Capturing ideas with Drafts
I’ve always been one of those people who tried to keep all of my ideas in my brain. Obviously that doesn’t work and I ultimately forget the awesome idea I had of a social network for fruit lovers. There are few things more annoying than pacing around my office trying to remember something I thought I memorized; I have to address this bad habit.
Enter the concept of getting your ideas down on paper immediately. Once you’ve recorded the idea on a more permanent medium, your brain is free to jump to the next idea. You can circle back to the idea whenever you wish, whether it be later that day or weeks down the road.
Everyone has a different way to record ideas, some prefer the feel of pen and paper, others like voice memos, and some turn to the smartphone in their pocket. I fall in the latter category as my iPhone is constantly present and it has proven to be the perfect way to record my thoughts.
My current process is to open ByWord or iA Writer, start a new document, name it, and then type my idea. I could save some time by having one single document for this purpose but that’s not my style, I like everything in a separate document. I was trying to think of a more streamlined process when I stumbled on Drafts by Agile Tortoise.

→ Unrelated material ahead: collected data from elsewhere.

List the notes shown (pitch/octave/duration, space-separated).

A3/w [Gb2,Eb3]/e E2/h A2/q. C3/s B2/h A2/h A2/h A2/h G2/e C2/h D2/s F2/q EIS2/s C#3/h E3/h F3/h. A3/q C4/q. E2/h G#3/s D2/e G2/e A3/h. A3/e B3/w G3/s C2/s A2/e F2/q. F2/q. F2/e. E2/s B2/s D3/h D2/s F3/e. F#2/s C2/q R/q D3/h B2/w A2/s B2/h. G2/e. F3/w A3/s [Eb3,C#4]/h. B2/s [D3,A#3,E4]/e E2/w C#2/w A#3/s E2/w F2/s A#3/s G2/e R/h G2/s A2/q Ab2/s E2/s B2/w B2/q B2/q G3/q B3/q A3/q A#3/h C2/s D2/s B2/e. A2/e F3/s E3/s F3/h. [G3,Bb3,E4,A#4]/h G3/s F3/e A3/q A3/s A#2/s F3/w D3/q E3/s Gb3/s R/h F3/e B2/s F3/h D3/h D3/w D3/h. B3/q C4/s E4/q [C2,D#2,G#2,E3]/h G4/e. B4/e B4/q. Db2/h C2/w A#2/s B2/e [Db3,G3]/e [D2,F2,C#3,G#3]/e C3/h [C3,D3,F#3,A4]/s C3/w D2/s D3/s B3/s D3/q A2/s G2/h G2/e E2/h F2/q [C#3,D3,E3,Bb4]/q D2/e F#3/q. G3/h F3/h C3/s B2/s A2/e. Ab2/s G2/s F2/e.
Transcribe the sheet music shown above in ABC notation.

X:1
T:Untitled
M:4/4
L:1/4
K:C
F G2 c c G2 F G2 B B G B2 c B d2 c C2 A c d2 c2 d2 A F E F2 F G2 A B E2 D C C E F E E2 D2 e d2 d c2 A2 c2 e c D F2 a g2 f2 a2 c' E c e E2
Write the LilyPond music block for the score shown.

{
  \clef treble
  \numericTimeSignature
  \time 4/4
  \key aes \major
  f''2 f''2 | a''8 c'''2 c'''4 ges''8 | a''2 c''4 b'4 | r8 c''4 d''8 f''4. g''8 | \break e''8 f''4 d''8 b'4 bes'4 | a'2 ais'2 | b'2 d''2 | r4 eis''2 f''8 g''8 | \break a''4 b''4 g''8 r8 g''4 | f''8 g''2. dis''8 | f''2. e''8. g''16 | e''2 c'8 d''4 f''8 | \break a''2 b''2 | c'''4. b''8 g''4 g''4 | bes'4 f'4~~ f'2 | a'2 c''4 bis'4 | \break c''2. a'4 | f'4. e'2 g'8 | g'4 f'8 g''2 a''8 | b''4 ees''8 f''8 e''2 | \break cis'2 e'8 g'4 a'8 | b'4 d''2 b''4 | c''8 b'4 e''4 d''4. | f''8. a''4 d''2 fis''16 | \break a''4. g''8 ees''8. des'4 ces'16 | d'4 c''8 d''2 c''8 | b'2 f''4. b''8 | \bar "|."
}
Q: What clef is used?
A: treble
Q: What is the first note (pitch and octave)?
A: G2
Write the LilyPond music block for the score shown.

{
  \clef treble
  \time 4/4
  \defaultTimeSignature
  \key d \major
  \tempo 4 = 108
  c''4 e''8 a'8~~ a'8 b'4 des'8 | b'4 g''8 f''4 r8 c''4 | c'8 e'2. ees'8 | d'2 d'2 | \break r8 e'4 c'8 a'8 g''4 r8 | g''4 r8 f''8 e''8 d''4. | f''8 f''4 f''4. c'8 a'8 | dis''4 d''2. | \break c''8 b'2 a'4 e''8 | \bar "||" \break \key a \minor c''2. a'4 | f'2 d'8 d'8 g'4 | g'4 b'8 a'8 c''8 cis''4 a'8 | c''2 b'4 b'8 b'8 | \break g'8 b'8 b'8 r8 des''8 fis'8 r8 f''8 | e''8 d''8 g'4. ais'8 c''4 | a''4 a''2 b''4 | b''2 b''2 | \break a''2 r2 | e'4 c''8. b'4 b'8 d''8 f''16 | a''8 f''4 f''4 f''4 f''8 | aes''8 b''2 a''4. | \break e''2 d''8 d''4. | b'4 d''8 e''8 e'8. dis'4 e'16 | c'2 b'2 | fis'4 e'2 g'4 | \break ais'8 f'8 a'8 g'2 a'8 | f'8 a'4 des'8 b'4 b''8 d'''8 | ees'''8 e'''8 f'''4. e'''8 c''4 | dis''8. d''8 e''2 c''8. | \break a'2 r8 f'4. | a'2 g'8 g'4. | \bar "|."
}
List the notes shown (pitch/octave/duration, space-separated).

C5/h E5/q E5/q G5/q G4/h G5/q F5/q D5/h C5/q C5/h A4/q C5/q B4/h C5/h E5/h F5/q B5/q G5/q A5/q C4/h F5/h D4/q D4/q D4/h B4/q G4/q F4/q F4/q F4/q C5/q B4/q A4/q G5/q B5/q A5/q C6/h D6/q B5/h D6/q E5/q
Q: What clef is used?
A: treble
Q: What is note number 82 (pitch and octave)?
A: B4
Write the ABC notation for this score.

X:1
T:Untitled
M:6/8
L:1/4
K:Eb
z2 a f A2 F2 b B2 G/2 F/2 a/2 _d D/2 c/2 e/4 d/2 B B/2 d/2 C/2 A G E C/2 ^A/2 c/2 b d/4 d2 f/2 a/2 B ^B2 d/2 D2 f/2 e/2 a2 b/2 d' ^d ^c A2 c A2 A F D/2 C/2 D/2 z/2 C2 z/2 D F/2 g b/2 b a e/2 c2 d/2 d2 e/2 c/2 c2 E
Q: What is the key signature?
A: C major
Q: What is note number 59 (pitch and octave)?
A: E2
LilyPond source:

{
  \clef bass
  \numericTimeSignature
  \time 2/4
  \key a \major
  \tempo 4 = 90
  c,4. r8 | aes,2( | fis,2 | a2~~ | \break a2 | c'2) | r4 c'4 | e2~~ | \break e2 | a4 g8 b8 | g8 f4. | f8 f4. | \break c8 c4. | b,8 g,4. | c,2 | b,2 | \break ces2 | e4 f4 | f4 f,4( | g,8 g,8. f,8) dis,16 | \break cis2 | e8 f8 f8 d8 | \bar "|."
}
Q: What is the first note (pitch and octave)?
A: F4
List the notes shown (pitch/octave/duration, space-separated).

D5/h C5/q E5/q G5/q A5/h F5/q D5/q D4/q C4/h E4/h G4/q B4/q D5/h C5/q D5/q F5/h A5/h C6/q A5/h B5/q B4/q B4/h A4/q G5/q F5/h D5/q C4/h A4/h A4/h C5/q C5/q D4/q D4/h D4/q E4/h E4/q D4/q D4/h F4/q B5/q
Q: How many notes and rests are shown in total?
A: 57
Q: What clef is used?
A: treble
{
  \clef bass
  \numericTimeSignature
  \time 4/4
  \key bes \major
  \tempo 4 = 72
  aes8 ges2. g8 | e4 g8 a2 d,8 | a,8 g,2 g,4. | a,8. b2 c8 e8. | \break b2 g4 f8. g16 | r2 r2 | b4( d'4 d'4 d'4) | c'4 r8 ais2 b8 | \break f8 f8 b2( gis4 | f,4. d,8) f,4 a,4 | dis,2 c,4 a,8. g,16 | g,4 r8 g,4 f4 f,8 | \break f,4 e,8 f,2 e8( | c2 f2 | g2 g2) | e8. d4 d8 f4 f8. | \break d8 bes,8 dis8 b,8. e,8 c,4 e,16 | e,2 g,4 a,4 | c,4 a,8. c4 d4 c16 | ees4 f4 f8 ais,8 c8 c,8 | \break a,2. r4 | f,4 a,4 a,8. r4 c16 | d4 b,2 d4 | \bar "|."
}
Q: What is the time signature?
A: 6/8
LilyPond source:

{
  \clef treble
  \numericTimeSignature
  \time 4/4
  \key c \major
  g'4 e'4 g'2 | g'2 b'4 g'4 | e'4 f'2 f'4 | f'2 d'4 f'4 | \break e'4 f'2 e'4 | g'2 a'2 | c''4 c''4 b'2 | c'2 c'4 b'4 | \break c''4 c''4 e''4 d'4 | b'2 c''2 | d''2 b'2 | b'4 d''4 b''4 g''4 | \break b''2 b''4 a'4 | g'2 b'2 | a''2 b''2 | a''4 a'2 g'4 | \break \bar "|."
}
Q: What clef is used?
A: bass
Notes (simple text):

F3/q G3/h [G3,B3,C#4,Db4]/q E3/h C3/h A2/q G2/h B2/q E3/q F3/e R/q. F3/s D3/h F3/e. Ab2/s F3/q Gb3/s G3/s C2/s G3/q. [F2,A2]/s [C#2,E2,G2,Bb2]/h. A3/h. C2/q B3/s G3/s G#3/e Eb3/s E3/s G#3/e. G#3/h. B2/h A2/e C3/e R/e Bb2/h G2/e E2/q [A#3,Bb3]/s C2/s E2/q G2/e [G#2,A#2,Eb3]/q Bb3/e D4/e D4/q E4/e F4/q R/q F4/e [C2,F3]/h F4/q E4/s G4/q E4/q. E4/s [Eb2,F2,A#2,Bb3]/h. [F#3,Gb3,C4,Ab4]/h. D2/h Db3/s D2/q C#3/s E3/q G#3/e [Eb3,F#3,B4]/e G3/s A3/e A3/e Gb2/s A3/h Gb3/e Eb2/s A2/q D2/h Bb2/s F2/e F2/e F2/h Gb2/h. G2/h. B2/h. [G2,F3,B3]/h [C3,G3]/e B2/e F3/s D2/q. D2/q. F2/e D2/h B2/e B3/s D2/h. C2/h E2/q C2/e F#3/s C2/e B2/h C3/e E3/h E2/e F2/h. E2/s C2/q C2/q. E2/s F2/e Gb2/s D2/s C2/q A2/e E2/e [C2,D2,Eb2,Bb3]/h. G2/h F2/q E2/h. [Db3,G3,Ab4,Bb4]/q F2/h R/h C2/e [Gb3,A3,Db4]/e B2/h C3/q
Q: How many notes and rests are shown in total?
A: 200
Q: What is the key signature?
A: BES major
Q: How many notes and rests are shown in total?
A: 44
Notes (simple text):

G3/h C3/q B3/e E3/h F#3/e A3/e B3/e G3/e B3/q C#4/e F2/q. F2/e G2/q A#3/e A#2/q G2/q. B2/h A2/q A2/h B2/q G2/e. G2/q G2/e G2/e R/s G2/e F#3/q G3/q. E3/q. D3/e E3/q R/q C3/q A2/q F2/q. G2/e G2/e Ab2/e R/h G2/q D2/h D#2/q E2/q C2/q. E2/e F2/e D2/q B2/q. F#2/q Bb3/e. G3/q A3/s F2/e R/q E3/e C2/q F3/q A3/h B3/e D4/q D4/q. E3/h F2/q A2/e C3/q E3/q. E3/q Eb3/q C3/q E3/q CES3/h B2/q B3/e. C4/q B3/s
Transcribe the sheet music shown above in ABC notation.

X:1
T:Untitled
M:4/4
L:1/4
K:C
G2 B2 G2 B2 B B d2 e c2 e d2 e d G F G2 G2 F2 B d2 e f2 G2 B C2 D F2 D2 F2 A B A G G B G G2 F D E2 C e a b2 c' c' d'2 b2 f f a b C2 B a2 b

Drafts is a simple app but one suited to replace my current process completely. When the app opens, it’s at a blank screen, ready to capture my thoughts. When I’m done typing, I can leave the app and Drafts automatically stores what I typed in as a separate note that I can return to later. If I want to capture another thought, the + button will drop me in a new note with no need for a save button.
There’s a whole mess of things you can do with that idea once it’s ready to be shared. You can tweet straight from Drafts using the built in iOS 5 Twitter integration, email it, or copy the text to the clipboard. If you’re a Markdown user, the app will let you preview, email, or copy the Markdown as well.
If themes and fonts are your thing, Drafts has those as well. There are 4 themes and 13 fonts to chose from, nothing ground-breaking but at least you have some choices. It also has built in support for TextExpander Touch and Agile Tortoise’s own Terminology PH.
The biggest problem with Drafts is the lack of Dropbox (affiliate link) integration. I, like most writers who use iOS, have come to rely on Dropbox as a conduit between my writing apps. In a perfect world, I’d be able to open documents created in Drafts with another text editor. Perhaps this feature will arrive in a later release.
Drafts now has a place on my homescreen, ready and waiting for whatever snippet of text I need to save. If you like to capture your thoughts on your iPhone, I’d encourage you to give Drafts a try.
Drafts is available for iPhone/iPod Touch and costs $0.99.